"""

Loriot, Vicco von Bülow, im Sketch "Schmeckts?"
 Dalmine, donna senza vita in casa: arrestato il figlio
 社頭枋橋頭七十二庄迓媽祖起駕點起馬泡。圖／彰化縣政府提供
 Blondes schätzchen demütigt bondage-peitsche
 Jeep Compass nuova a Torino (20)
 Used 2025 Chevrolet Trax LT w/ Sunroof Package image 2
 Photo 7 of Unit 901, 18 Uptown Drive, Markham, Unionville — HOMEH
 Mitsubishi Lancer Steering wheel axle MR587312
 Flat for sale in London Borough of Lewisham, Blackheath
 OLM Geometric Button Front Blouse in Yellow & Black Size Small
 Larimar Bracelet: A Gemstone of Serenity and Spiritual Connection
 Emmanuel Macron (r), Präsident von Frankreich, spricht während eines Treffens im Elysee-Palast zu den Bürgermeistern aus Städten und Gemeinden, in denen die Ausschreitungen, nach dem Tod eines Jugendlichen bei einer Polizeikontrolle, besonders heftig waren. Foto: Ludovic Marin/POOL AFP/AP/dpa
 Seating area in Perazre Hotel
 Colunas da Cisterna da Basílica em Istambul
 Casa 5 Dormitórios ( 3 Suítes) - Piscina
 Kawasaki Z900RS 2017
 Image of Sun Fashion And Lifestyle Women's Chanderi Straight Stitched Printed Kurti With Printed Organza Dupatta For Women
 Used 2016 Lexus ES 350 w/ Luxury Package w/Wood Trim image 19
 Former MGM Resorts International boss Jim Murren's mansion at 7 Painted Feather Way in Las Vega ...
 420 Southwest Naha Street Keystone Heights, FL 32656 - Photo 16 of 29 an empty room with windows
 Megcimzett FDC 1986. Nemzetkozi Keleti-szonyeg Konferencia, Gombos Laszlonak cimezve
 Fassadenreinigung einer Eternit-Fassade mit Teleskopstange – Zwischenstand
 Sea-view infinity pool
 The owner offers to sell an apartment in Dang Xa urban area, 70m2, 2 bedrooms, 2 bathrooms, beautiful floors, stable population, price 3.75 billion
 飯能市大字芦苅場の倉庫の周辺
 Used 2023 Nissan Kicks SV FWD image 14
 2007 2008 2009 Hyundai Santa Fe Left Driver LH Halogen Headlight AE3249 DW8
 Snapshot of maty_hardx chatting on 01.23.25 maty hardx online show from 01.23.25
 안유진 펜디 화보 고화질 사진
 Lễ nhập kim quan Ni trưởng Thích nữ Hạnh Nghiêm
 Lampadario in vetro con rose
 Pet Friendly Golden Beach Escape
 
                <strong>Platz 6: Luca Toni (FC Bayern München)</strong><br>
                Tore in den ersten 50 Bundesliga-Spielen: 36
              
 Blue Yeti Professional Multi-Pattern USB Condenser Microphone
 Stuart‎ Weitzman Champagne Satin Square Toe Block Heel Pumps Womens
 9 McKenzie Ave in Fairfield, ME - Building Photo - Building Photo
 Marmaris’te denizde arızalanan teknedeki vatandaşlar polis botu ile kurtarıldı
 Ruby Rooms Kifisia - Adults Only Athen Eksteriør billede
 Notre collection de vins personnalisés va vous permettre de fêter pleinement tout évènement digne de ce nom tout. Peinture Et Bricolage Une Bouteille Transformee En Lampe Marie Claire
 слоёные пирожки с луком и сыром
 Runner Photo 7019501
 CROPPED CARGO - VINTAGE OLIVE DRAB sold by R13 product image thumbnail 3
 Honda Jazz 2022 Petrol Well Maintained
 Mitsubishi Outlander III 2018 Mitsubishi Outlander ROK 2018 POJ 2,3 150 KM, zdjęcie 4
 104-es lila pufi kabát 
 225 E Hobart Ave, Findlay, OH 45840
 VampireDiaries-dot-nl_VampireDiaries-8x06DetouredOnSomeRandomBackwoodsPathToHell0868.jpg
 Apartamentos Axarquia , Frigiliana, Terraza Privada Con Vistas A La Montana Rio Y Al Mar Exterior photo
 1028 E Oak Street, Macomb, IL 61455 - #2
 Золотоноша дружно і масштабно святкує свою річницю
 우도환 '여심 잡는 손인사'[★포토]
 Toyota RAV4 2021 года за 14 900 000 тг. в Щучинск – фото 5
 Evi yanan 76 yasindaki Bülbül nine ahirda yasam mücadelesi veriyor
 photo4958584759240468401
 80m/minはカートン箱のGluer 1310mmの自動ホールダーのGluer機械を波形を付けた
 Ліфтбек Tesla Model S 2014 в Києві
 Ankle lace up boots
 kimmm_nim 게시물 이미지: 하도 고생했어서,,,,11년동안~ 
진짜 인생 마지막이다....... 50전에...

"""

◆ WORK ORDER ◆
Could you set down, exactly as written, the lines above between the one holding "Honda Jazz 2022 Petrol Well Maintained" and the one holding "80m/minはカートン箱の", inclusive, and nothing more?

◆ RESPONSE TO THIS EXERCISE ◆
 Honda Jazz 2022 Petrol Well Maintained
 Mitsubishi Outlander III 2018 Mitsubishi Outlander ROK 2018 POJ 2,3 150 KM, zdjęcie 4
 104-es lila pufi kabát 
 225 E Hobart Ave, Findlay, OH 45840
 VampireDiaries-dot-nl_VampireDiaries-8x06DetouredOnSomeRandomBackwoodsPathToHell0868.jpg
 Apartamentos Axarquia , Frigiliana, Terraza Privada Con Vistas A La Montana Rio Y Al Mar Exterior photo
 1028 E Oak Street, Macomb, IL 61455 - #2
 Золотоноша дружно і масштабно святкує свою річницю
 우도환 '여심 잡는 손인사'[★포토]
 Toyota RAV4 2021 года за 14 900 000 тг. в Щучинск – фото 5
 Evi yanan 76 yasindaki Bülbül nine ahirda yasam mücadelesi veriyor
 photo4958584759240468401
 80m/minはカートン箱のGluer 1310mmの自動ホールダーのGluer機械を波形を付けた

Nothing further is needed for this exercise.